About this exercise: What you return should match the material below line for line, except that no image appears in it.

Recorded information:

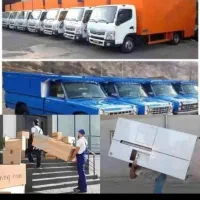 باربری حمل باراثاثیه منزل اسباب کشی خاور شهرستان|خدمات حمل و نقل|تهران, جنتآباد مرکزی|دیوار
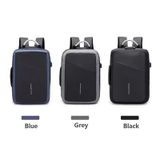  May Balo Laptop Chống Trộm, Chống Nước, Tích Hợp Cổng USB, Thiết Kế Thông Minh Theo Yêu Cầu - BL2421 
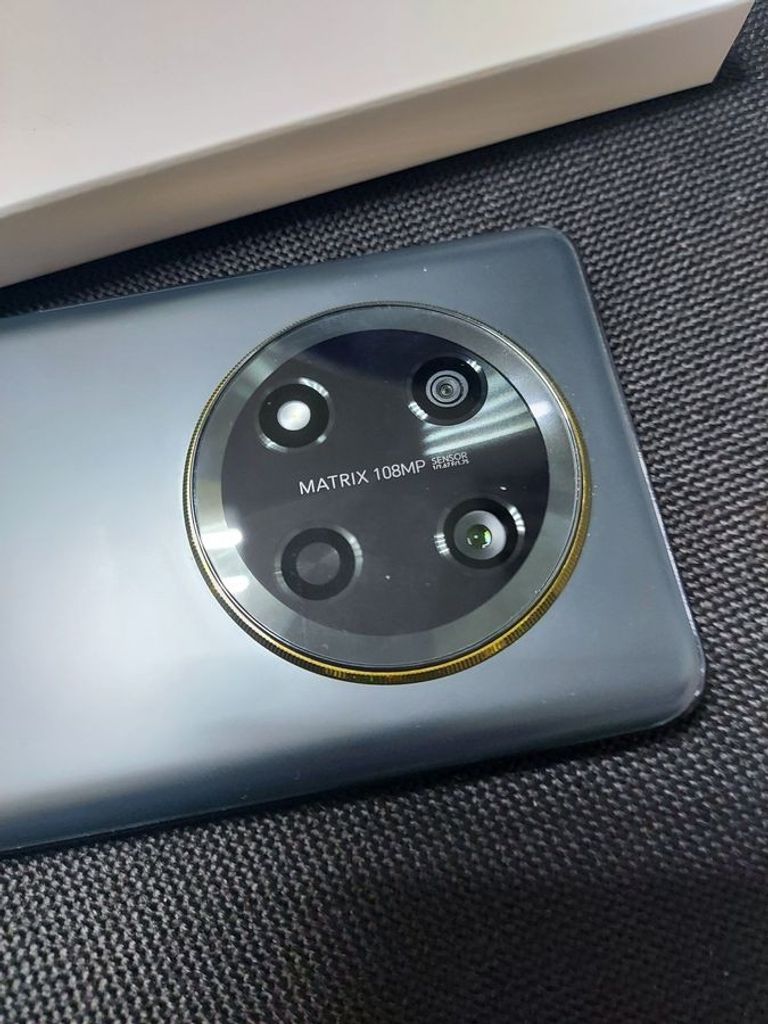 Honor x9c 12/256gb Код:01-200890922. Изображение 5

Answer section:
 باربری حمل باراثاثیه منزل اسباب کشی خاور شهرستان|خدمات حمل و نقل|تهران, جنتآباد مرکزی|دیوار
  May Balo Laptop Chống Trộm, Chống Nước, Tích Hợp Cổng USB, Thiết Kế Thông Minh Theo Yêu Cầu - BL2421 
 Honor x9c 12/256gb Код:01-200890922. Изображение 5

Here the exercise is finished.